WHAT THE TASK ASKS | Copy every record exactly. Nothing may be skipped.

Stored data entries:
------------------------------------------------------------

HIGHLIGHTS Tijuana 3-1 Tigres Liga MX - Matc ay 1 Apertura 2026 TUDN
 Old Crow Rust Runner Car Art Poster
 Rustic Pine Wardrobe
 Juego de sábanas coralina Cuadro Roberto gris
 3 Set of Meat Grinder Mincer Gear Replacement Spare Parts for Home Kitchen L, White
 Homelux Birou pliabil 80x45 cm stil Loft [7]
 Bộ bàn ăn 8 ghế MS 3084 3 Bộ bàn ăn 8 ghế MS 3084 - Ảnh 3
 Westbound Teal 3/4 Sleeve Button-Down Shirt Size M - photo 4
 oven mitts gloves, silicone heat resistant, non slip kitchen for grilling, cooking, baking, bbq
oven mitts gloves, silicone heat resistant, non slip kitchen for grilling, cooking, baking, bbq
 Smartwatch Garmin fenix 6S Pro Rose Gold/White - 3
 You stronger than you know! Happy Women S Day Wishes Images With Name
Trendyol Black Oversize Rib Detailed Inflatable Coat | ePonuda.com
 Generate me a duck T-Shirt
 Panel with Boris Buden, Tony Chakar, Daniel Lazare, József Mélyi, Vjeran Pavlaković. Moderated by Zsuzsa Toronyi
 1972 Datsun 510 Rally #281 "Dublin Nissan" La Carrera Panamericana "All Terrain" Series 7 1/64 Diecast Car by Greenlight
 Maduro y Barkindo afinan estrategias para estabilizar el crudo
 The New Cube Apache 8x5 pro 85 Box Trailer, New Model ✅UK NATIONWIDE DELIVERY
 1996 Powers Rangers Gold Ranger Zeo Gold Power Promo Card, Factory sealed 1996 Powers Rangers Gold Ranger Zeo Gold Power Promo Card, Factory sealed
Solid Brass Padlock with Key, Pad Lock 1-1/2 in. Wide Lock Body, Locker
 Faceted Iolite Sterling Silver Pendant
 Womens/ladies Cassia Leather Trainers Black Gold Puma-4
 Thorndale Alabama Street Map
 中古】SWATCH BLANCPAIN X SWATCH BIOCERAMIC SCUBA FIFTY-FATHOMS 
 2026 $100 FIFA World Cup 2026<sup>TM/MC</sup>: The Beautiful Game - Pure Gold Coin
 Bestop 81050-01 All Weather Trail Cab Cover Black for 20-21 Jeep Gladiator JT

------------------------------------------------------------

EXERCISE SOLUTION |
HIGHLIGHTS Tijuana 3-1 Tigres Liga MX - Matc ay 1 Apertura 2026 TUDN
 Old Crow Rust Runner Car Art Poster
 Rustic Pine Wardrobe
 Juego de sábanas coralina Cuadro Roberto gris
 3 Set of Meat Grinder Mincer Gear Replacement Spare Parts for Home Kitchen L, White
 Homelux Birou pliabil 80x45 cm stil Loft [7]
 Bộ bàn ăn 8 ghế MS 3084 3 Bộ bàn ăn 8 ghế MS 3084 - Ảnh 3
 Westbound Teal 3/4 Sleeve Button-Down Shirt Size M - photo 4
 oven mitts gloves, silicone heat resistant, non slip kitchen for grilling, cooking, baking, bbq
oven mitts gloves, silicone heat resistant, non slip kitchen for grilling, cooking, baking, bbq
 Smartwatch Garmin fenix 6S Pro Rose Gold/White - 3
 You stronger than you know! Happy Women S Day Wishes Images With Name
Trendyol Black Oversize Rib Detailed Inflatable Coat | ePonuda.com
 Generate me a duck T-Shirt
 Panel with Boris Buden, Tony Chakar, Daniel Lazare, József Mélyi, Vjeran Pavlaković. Moderated by Zsuzsa Toronyi
 1972 Datsun 510 Rally #281 "Dublin Nissan" La Carrera Panamericana "All Terrain" Series 7 1/64 Diecast Car by Greenlight
 Maduro y Barkindo afinan estrategias para estabilizar el crudo
 The New Cube Apache 8x5 pro 85 Box Trailer, New Model ✅UK NATIONWIDE DELIVERY
 1996 Powers Rangers Gold Ranger Zeo Gold Power Promo Card, Factory sealed 1996 Powers Rangers Gold Ranger Zeo Gold Power Promo Card, Factory sealed
Solid Brass Padlock with Key, Pad Lock 1-1/2 in. Wide Lock Body, Locker
 Faceted Iolite Sterling Silver Pendant
 Womens/ladies Cassia Leather Trainers Black Gold Puma-4
 Thorndale Alabama Street Map
 中古】SWATCH BLANCPAIN X SWATCH BIOCERAMIC SCUBA FIFTY-FATHOMS 
 2026 $100 FIFA World Cup 2026<sup>TM/MC</sup>: The Beautiful Game - Pure Gold Coin
 Bestop 81050-01 All Weather Trail Cab Cover Black for 20-21 Jeep Gladiator JT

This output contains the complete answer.